On Tuesday a federal judge denied a request from the Justice Department to dismiss a lawsuit aiming to block health care subsidies in states not running their own healthcare exchange sites. Put another way, if the plaintiffs in Halbig v. Sebelius win this case, low- and middle-income individuals in 34 states won't get subsidized health care. The only good news for people expecting those subsidies is that the judge, U.S. District Judge Paul Friedman, decided not to block the subsidies while the case moves forward. 

Friedman heard arguments on Monday from the Justice Department and the plaintiffs, four individuals and three employers from states that declined to run their own exchanges. The Affordable Care Act offers subsidies in the form of tax credits to people who buy insurance through exchanges "established by the state," and the case comes down to what Congress actually meant by that. The Justice Department is arguing that Congress obviously meant all the exchanges, and that the Department of Health and Human Services intended to "stand in the shoes” of the states that allowed the federal government to run their exchanges for them, according to The Washington Times. The challengers are arguing that the Internal Revenue Service ignored the wording in the bill when it publicized that applicants on both kinds of exchanges would get subsidies. They also believe Congress used the subsidies as a way to motivate states to create their own exchanges, meaning the states that didn't create their own exchanges are out of luck. 

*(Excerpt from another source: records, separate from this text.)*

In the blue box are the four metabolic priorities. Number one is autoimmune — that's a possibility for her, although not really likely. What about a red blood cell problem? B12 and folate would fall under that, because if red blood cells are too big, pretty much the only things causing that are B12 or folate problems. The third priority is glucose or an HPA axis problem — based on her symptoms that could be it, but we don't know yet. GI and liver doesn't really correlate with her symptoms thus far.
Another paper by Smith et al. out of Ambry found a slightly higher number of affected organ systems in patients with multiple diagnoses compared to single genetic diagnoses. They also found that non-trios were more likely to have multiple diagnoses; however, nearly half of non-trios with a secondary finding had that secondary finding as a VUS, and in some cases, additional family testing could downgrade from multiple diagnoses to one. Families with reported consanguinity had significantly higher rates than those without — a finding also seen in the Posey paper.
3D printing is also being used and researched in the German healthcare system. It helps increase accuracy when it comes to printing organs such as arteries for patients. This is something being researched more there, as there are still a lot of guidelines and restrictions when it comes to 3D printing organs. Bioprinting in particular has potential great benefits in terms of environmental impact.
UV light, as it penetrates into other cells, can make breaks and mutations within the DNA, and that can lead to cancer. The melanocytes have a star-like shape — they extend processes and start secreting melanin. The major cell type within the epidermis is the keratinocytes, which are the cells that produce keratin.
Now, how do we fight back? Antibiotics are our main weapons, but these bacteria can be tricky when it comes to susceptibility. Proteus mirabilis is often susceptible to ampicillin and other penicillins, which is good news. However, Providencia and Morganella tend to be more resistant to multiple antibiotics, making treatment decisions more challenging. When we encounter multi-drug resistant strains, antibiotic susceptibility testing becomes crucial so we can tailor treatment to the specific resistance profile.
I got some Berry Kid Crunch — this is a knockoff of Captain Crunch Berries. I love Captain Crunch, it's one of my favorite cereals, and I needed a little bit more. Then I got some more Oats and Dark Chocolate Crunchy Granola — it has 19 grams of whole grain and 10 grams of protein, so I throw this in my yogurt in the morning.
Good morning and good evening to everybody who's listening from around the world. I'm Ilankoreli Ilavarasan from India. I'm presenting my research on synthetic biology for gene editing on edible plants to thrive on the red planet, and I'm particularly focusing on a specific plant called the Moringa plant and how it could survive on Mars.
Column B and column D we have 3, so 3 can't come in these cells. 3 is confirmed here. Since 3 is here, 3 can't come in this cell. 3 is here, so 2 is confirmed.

Friedman thought both sides kinda had a point, and they kinda do. According to the Affordable Care Act's Section 1401, subsidies in the form of tax credits are available to individuals who "enrolled in through an Exchange established by the State under 1311 of the Patient Protection and Affordable Care Act." Section 1311 defines an Exchange as "a governmental agency or nonprofit entity that is established by a State." Of course, in Section 1322 the law gives the federal government power to create exchanges in states that fail to or elect not to establish exchanges. The challengers argue that the IRS disobeyed the law when it said enrollments in both federal and state-run exchanges (sections 1311 and 1322) qualify for healthcare premium tax credits. 

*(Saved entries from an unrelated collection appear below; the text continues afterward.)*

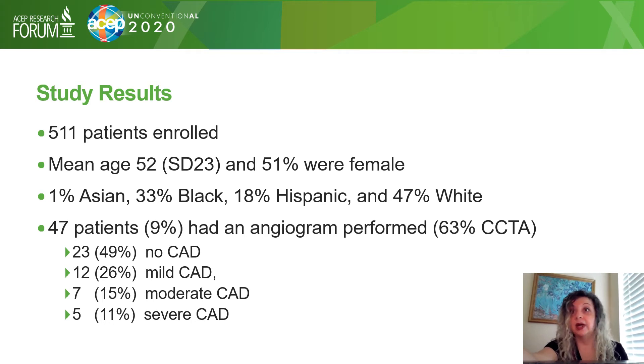47 patients, or 9% of our total population, had an angiogram performed. The majority of these were CCTAs.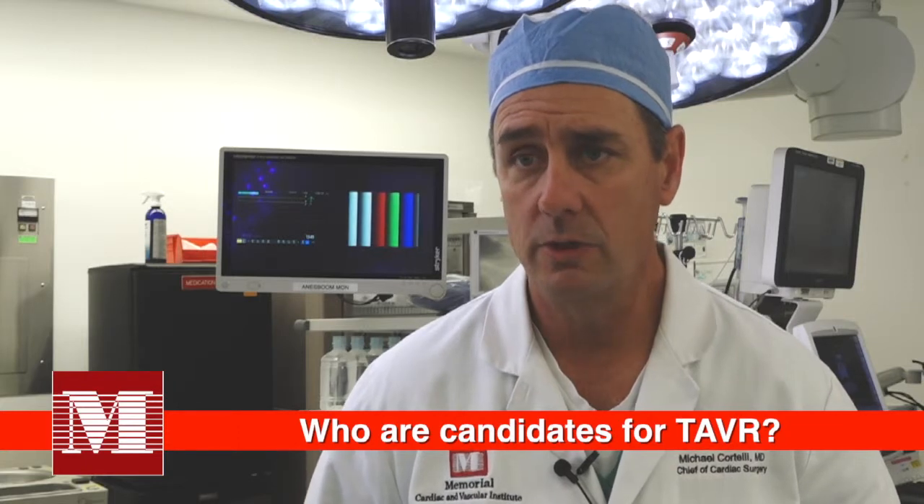Historically, the treatment for aortic valve replacement was with conventional heart surgery. But with the transcatheter aortic valve replacement, we were at first able to offer that procedure to patients who were either considered inoperable and not candidates for regular surgery, and then high-risk patients. That has evolved over the last several years to offer the procedure to intermediate-risk patients as well. The latest trial has been completed and will probably receive FDA approval so that even low-risk patients with aortic stenosis will qualify for a transcatheter aortic valve replacement.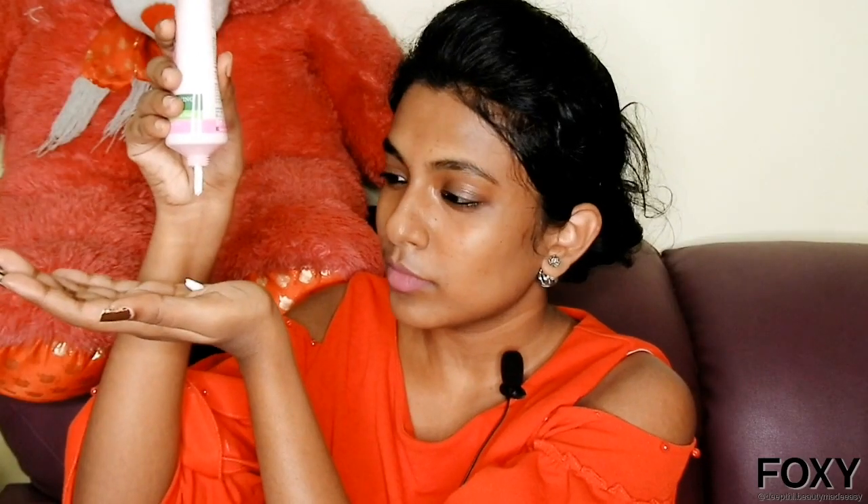Scrubbing is an essential part of a skincare routine — this step should never be skipped, no matter what skin type you are. It reveals the glow in your skin by removing dead skin cells, revealing softer and more radiant skin. It also removes whiteheads and blackheads around the nose, forehead, chin, and cheek areas. If you have oily skin, scrub three times a week; if you have dry skin, scrub twice a week. Scrub for three minutes and wash your face with just water.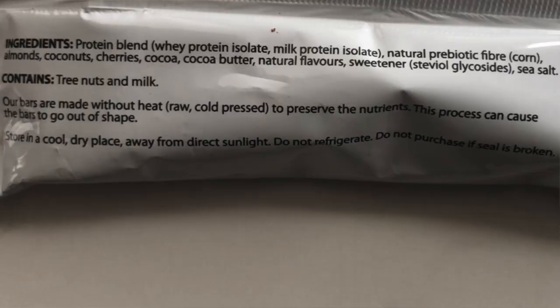Before I finish it off, let's take a look at the ingredient profile. There's a protein blend, natural prebiotic fiber, almonds, coconuts, cherries, cocoa, cacao butter, natural flavors, and sweetener in the form of steviol glycosides, and sea salt. Although I don't agree with the prebiotic fiber as one of the main ingredients, this is a really clean list of ingredients for a protein bar — pretty much all natural. Being an Australian company, it's great to see people making an effort to break into the keto space.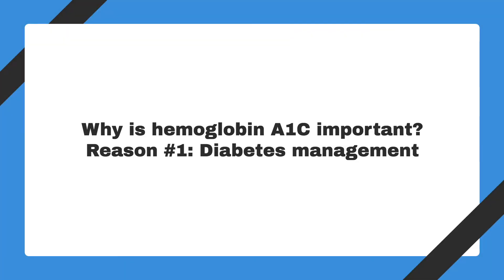Now that we know what hemoglobin A1c is, why is it an important value? Your A1c is a number that tells you about the glucose level in your blood for the previous three months, because red blood cells, where the hemoglobin A1c is, live for about four months. Everyone has a little bit of hemoglobin A1c, but the amount increases as the amount of glucose in the blood increases. Therefore, people with diabetes have a higher A1c.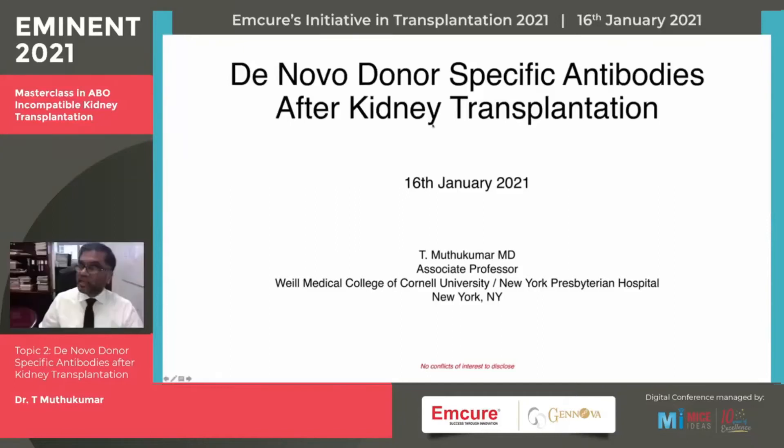Good evening, everyone. It's an honor for me to present here today. My sincere thanks to Dr. Sakuja for this opportunity. The topic for my presentation today is going to be de novo donor-specific antibodies after kidney transplantation.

Of course, this would be bad, bad news for Obamacare, Democrats, President Obama, and everyone who was planning on buying health insurance through the federal exchange, whenever it starts working. How bad? Well, a couple of weeks ago we fact-checked a claim made by Ashley Dionne, a 26-year-old Michigan resident who claimed that the Affordable Care Act would raise her premiums from $75 a month to over $300. "This law has raped my future," Dionne wrote in a tumblr post that later went viral. Dionne, who makes approximately $14,000 a year (rounded up), is eligible for Medicaid, but her mom claimed she'd never go on the program. If Dionne stuck by that choice, Dionne would be eligible for a $2,272 subsidy, which would mean the silver plan would cost her just under $25 a month. Take away that subsidy — Michigan doesn't run its exchange — and Dionne would pay $216. 

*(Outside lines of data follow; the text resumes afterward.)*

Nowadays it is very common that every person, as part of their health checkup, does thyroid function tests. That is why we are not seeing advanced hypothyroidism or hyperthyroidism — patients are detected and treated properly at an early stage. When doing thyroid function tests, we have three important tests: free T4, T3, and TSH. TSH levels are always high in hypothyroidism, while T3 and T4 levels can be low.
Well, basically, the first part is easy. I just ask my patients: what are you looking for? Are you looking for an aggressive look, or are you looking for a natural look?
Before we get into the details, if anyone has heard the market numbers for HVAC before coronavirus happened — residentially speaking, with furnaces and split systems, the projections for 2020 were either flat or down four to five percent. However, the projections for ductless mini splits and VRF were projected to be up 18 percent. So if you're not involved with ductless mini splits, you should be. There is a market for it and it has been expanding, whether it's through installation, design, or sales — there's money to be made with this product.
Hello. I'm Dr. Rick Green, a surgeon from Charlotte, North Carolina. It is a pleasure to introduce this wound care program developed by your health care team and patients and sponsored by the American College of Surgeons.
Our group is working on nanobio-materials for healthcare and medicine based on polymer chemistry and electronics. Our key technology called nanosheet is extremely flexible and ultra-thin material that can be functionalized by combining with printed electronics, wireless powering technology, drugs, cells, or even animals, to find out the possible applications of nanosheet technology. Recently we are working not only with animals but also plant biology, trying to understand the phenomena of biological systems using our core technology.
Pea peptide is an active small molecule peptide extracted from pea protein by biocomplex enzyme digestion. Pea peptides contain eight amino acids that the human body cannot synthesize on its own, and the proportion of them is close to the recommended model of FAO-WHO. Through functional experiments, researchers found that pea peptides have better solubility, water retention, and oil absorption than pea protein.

That's bad for Dionne and the rest of the country's underemployed millennials, but it's also bad for Obamacare. The more it makes sense financially for young people to opt-out of Obamacare, rather than pay for affordable insurance, the less likely they'll be to enroll in Obamacare. By 2016, the fine for being uninsured will be at least $695 per person, which is way more than Dionne's subsidized $280 a year insurance, but a quarter of the $2,552 unsubsidized rate. If the courts rule in favor of the challengers (or in favor of the three other challenges to Obamacare subsidies) then all the Ashley Dionnes of America may opt-out.